- Unterstützung für 25 Künstler- und 4 Infrastrukturprojekte
- überzeugende Anträge aus dem Bereich Jazz
- Annahmeschluss für zwölfte Förderrunde: 12. Oktober 2010
Berlin, 10. August 2010
Auf seiner aktuellen Quartalssitzung bewilligte der Aufsichtsrat der Initiative
Musik gGmbH die Förderung von 25 Künstler- und 4 Infrastrukturprojekten. Mit
einem Mittelzuschuss von rund 462.000 Euro und einem durchschnittlichen
Förderanteil von 37,5 Prozent bewegt das Gremium damit ein wirtschaftliches
Gesamtvolumen von mehr als 1,2 Mio. Euro.
Künstlerprojektförderung – Immer für eine Überraschung gut
„Die Vielfalt der verschiedenen Künstleranträge beeindruckt uns jedes Mal.

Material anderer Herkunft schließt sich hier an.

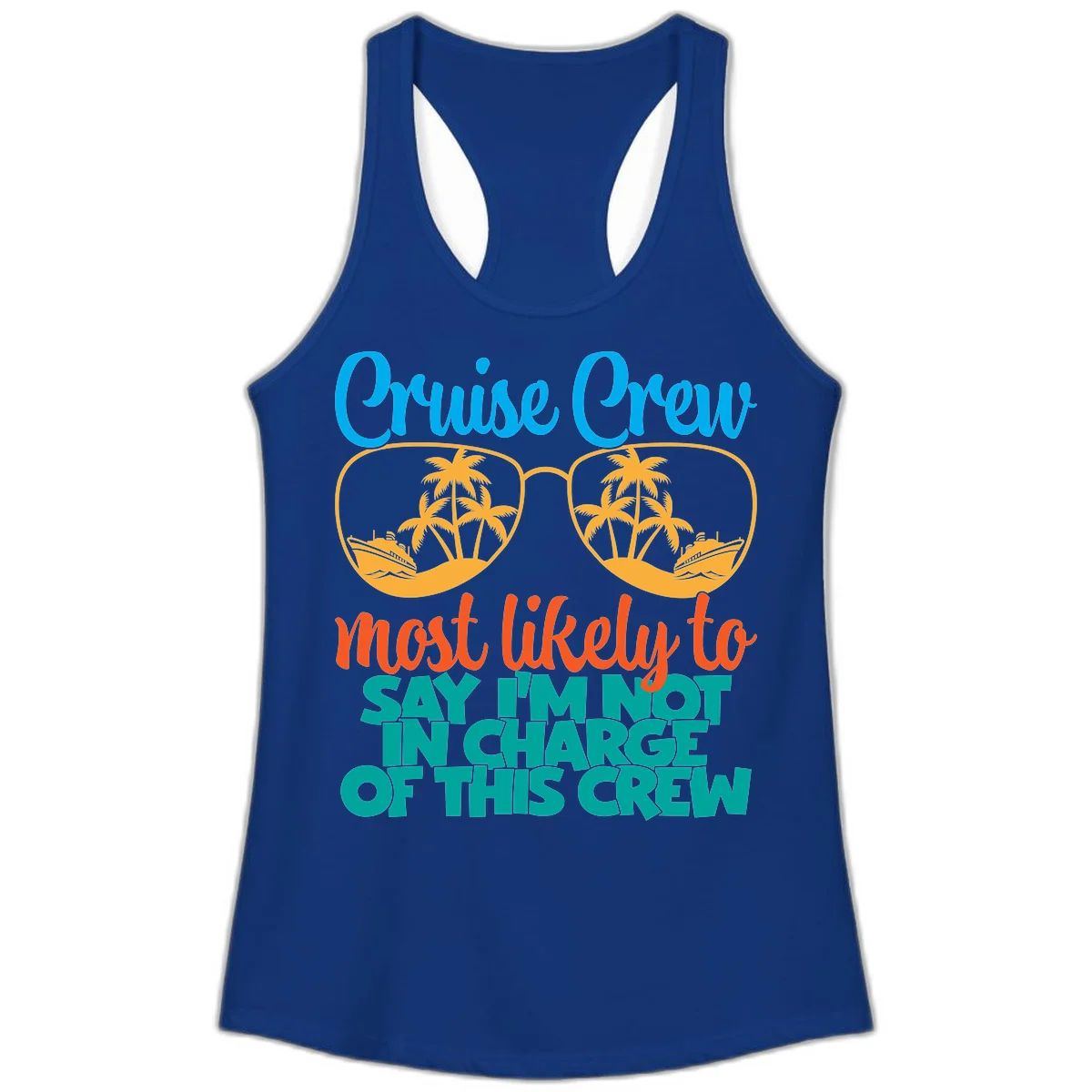 Cruise Crew Most Likely to Say I'm Not in Charge Ladies Tank in Solid Royal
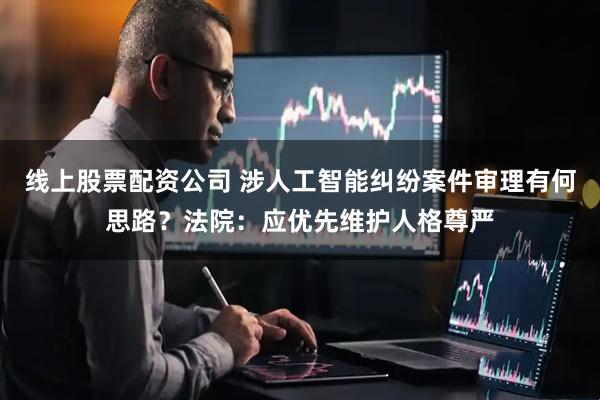 线上股票配资公司 涉人工智能纠纷案件审理有何思路？法院：应优先维护人格尊严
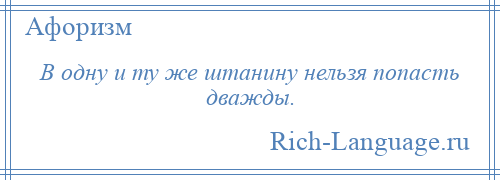 
    В одну и ту же штанину нельзя попасть дважды.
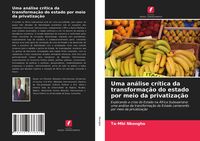Produktbild: Uma an&aacute;lise cr&iacute;tica da transforma&ccedil;&atilde;o do estado por meio da privatiza&ccedil;&atilde;o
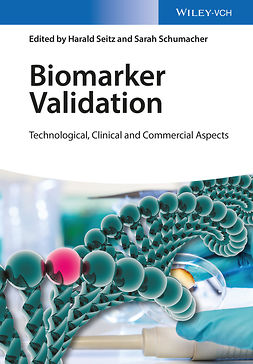 Seitz, Harald - Biomarker Validation: Technological, Clinical and Commercial Aspects, ebook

Diese musikalische Bandbreite macht es allerdings nicht immer leicht, eine
endgültige Auswahl zu treffen, zumal darüber hinaus auch ein solides,
wirtschaftliches Konzept überzeugen muss. Mich haben in dieser Förderrunde
besonders der Russian-Balalaika-Speedfolk der Cosmonautix, der Folkpop von
MissinCat und der unverwechselbare Jazzstyle von [em] aufhorchen lassen. Bei
allen drei Acts freu ich mich schon jetzt darauf, was wir dank Förderung der
Initiative Musik von ihnen noch alles zu hören bekommen werden", erklärt Jörg
Evers, Mitglied im Aufsichtsrat.
Förderung erhält auch das Debüt von Doctorella. Dahinter verbergen sich die
beiden Zwillingsschwestern Sandra und Kerstin Grether aus Berlin. Als
erfolgreiche Autorinnen und Journalistinnen wissen beide mit Sprache
umzugehen. Wenn jetzt Musik und Musiker wie Tobias Levin (Blumfeld,
Tocotronic u.a.) oder Jens Friebe dazu kommen, kann man
Außergewöhnliches erwarten. Zur Förderung sagen beide Frauen: "Die
Initiative Musik hilft da, wo man sie wirklich braucht. Das gibt uns die
Möglichkeit unsere Visionen ohne Kompromisse umzusetzen. Jetzt können wir
mit größerer Leichtigkeit genau die Platte machen, die wir wollen, und sie
effektiv dem Publikum zugänglich machen. Außerdem finden wir es immer
super, wenn in dieser männerdominierten Rockwelt Musikerinnen supported
werden."
Künstlerprojektförderung – Treffen der Generationen
Beat!Beat!Beat! kommen aus Viersen in Nordrhein-Westfalen, nahe der
holländischen Grenze, und sind das, was man echten Nachwuchs nennt. Als
sich die Band 2007 gründete, waren die vier Musiker gerade mal 16 und
17 Jahre alt und kurz davor ihr Abitur zu machen. Mittlerweile haben sie in
Deutschland, Österreich, der Schweiz und den Niederlanden gespielt und
bereits ein Booking für das international renommierte US-Festival South by
Southwest (SXSW) 2011 in Austin, Texas anvisiert. „Als wir erfahren haben,
dass unser Projekt "Beat!Beat!Beat!" gefördert wird, haben wir uns riesig
gefreut. Wir glauben an die Band und die Initiative Musik tut es auch. Das
macht Mut. Danke.", äußert Dennis Scheider vom verantwortlichen Label
Richard-Mohlmann-Records zur Unterstützung der Debütveröffentlichung.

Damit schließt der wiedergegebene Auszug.